----- SUPPLIED MATERIAL -----

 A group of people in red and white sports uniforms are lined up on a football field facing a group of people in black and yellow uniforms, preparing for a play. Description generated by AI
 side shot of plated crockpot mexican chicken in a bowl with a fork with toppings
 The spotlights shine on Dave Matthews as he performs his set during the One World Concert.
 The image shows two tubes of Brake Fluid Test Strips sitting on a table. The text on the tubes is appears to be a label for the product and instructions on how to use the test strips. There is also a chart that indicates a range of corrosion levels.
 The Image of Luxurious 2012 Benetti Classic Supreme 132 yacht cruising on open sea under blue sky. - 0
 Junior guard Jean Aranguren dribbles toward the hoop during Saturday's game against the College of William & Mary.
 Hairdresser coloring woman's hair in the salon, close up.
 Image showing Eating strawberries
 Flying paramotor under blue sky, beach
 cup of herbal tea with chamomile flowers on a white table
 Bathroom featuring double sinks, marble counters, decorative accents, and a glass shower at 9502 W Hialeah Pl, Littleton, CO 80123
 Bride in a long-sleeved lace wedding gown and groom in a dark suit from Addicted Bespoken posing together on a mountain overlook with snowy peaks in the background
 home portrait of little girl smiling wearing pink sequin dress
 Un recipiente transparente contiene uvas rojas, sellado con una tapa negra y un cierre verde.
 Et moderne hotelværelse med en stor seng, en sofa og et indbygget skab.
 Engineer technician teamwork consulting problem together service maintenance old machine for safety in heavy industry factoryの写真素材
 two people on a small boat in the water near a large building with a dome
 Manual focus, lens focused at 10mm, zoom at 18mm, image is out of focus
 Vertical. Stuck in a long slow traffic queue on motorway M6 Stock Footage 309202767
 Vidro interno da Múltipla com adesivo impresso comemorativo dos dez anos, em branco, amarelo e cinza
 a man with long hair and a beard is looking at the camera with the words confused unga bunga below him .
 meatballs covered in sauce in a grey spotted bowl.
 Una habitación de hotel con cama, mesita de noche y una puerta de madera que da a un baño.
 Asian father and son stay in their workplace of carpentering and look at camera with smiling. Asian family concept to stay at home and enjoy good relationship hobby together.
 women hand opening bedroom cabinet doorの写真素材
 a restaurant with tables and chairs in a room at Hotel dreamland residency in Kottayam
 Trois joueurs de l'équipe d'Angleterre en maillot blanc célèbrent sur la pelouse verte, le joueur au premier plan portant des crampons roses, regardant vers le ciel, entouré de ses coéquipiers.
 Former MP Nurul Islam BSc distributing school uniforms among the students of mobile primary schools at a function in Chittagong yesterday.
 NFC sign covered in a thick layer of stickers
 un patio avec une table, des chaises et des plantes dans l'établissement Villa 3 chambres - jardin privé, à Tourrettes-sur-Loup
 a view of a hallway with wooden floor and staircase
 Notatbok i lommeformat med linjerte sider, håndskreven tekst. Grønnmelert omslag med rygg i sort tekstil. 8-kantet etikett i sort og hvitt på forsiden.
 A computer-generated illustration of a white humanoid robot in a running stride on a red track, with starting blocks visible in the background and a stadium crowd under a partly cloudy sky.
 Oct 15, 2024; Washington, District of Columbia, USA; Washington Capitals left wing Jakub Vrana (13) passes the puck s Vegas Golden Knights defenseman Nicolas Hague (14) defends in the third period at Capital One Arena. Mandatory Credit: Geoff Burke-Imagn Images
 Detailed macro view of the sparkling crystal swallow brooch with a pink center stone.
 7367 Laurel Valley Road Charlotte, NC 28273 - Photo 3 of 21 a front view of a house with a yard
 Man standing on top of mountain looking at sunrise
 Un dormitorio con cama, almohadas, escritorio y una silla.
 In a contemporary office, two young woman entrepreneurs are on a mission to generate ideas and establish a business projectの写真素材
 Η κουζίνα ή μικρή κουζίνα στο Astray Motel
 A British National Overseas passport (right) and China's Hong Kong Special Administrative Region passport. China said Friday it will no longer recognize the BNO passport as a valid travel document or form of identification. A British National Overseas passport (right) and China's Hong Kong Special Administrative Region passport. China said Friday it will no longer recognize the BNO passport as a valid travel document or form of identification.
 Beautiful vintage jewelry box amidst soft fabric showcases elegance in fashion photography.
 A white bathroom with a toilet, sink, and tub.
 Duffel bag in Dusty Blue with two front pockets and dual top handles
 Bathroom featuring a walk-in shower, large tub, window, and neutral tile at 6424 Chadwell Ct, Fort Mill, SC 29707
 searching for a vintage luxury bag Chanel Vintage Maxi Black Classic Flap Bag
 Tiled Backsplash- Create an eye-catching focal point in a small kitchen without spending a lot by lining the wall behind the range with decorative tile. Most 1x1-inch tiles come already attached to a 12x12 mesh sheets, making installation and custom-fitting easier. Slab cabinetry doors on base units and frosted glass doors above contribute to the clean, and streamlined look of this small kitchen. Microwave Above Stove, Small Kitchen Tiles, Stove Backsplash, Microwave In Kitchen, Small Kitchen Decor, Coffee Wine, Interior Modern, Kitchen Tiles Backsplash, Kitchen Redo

-----

WHAT TO PRODUCE
Say how many lines above contain "Classic", and give no words besides the number.

TASK OUTPUT
2